[[ Data for analysis open ]]

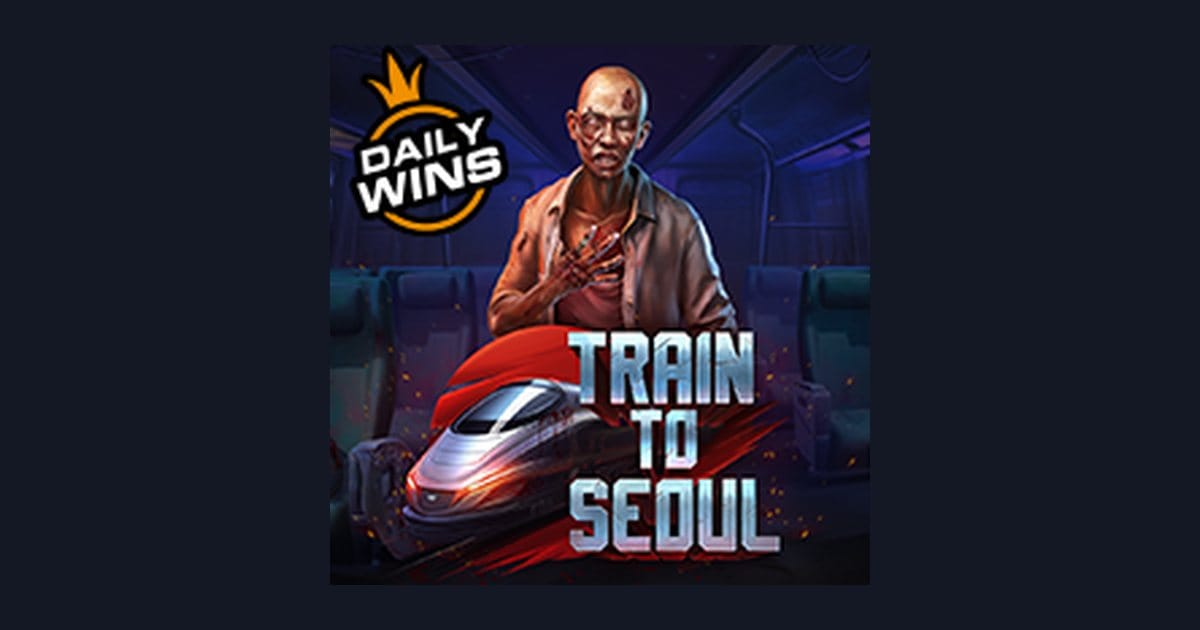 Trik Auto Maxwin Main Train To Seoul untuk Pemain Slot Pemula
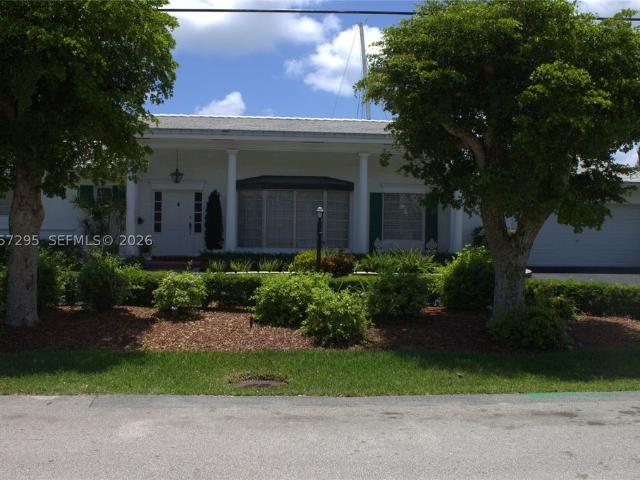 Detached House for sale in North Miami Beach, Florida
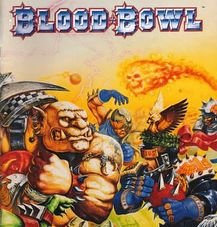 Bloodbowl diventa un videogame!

[[ Data for analysis closed ]]
[[ Data for analysis open ]]

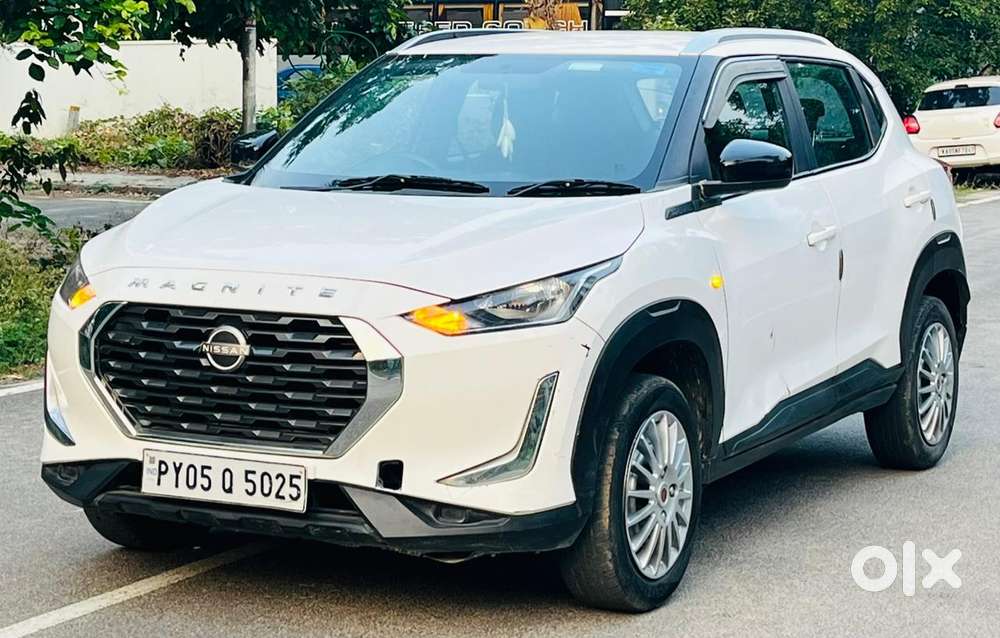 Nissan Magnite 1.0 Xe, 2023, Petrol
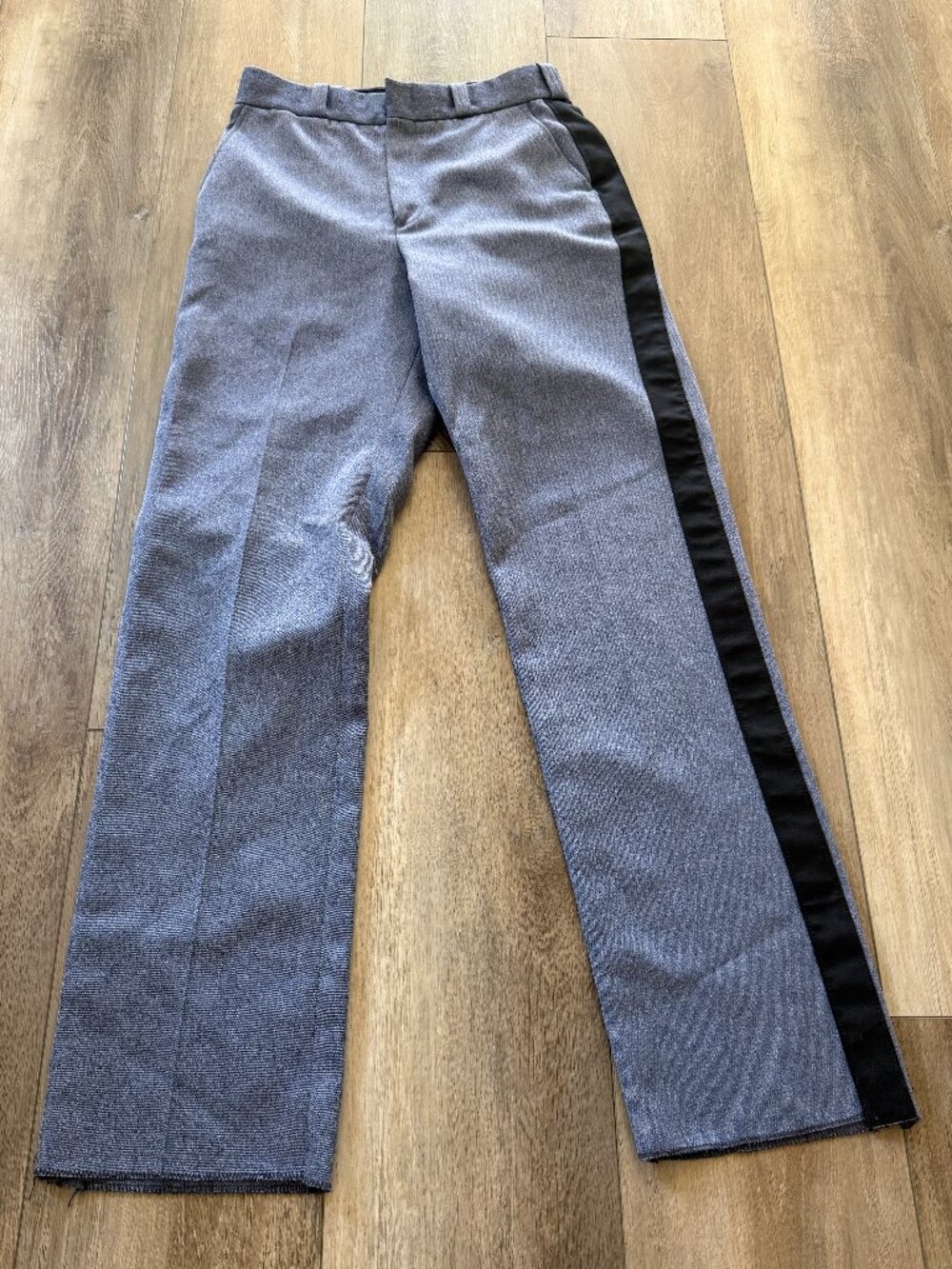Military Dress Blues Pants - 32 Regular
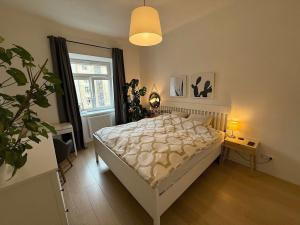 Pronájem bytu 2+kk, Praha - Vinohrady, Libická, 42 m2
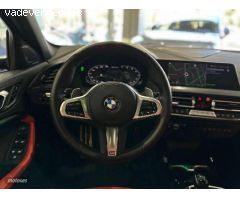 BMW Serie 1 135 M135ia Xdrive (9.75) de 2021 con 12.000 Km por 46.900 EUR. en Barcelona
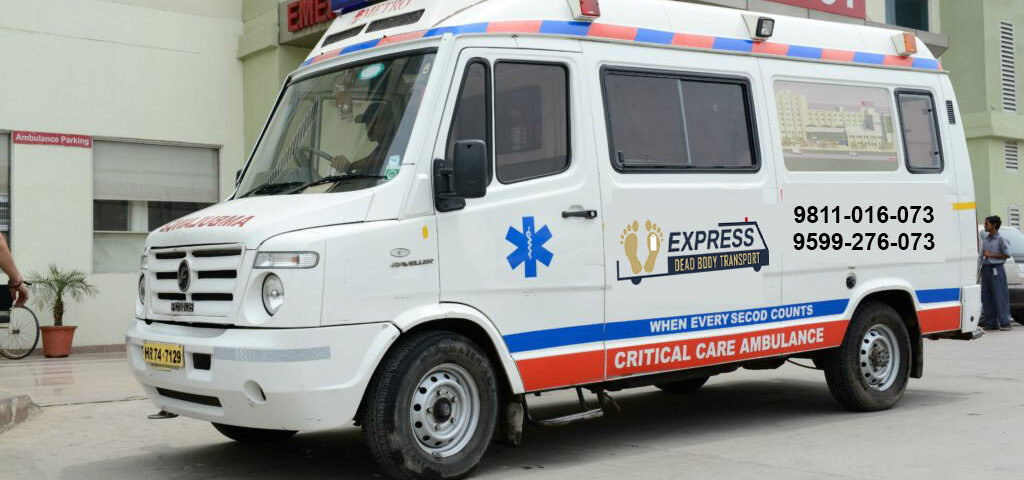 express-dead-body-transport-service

[[ Data for analysis closed ]]

=== Goal of the exercise ===
Starting with the line that has "BMW Serie 1" and ending with the line that has "express-dead-body-transport-service", repeat the lines above exactly, omitting every picture.

=== Output of the task ===
 BMW Serie 1 135 M135ia Xdrive (9.75) de 2021 con 12.000 Km por 46.900 EUR. en Barcelona
 express-dead-body-transport-service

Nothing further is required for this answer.